I pushed my glasses up on my nose and said, “I am not pretty.”
“I think you are pretty!” the señora said in a sincere tone. “As I said to my husband, the señorita is so spiritual-looking.”
“Oh, that,” I said, and my heart dropped.
“I often wish I looked more spiritual,” said Señora Ferrati, putting a handsome cross on a heavy silver chain around her throat.
“Besides,” I said, remembering the things in the air yesterday that I had not understood, which still vibrated like false notes in my mind, “he might be married for all I know. He looks sort of settled.”

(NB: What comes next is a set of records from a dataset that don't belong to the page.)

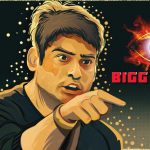 Blueprint of a Bully: The Ugly Truth Behind Sidharth Shukla’s Bigg Boss Season 13 Win
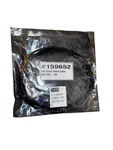 Ubiquiti UACC-DAC-SFP28-3M 25 Gbps Direct Attach Cbl Open. Price: $34.19.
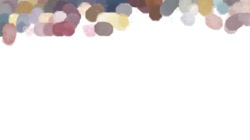 image: image from watercolour 3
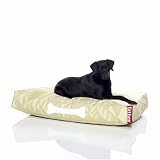 Fatboy 900.0066 Hundekissen Doggielounge large sand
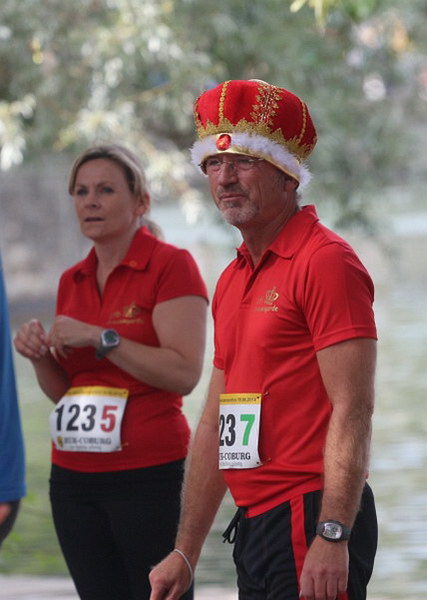 B_Marathon2014   058.jpg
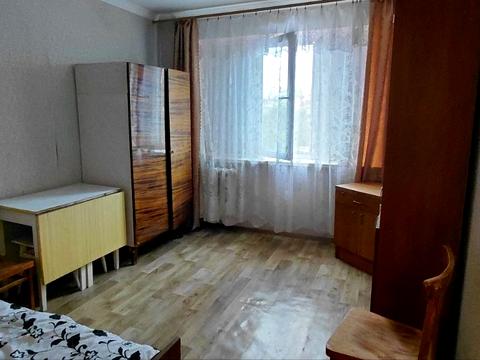 кімната за адресою Івана Каркача бульв., 73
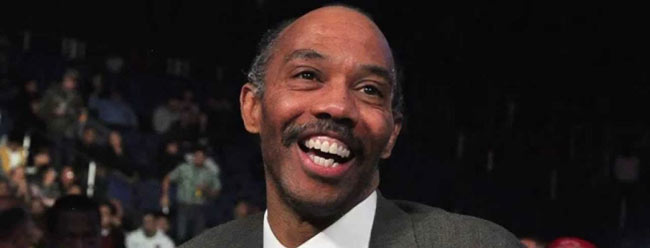 haymon.jpg haymon.jpg
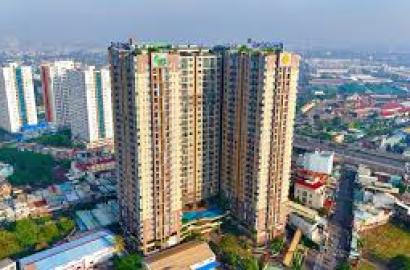 Phú Đông Sky Garden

The señora folded a square of hot pink silk between the white of her suit and her olive skin. It gave her a sudden brilliancy. “Oh my dear Señorita! Don’t talk to me about married men!” She rose. The lesson was over. “You know what I shall do at the canasta party?” I thought for a moment that she was about to invite me along, but she said, “There’s sure to be someone there who knows your Don Indalecio. I’m going to find out all about him. I’m going to be your detective.”
On the stairs I met “Doctor” Levy, who would have passed me with a bow, but I stopped to ask him how he did. He thanked me for the recommendation which had introduced him to Señora Ferrati. It was a pleasure, I said. I asked him if he had ever come across a Don Indalecio Nuñez Aguirre. He said, no, the gentleman he had never met, but he did the señora’s feet regularly.
“You mean Señora Aguirre? The wife of Don Indalecio?”
Indeed yes, and sometimes he was called to do the feet of her older, married daughter who had two little girls, and he would be glad to recommend me as an English teacher next time he was there.
The hotel was deserted after lunch. The guests, even Frau Bader herself, had crept into their rooms to hide from the full blast of the midday heat. A turkey screamed in the next yard. Of course I had known all along! Had I not told Señora Ferrati that Don Indalecio was probably married?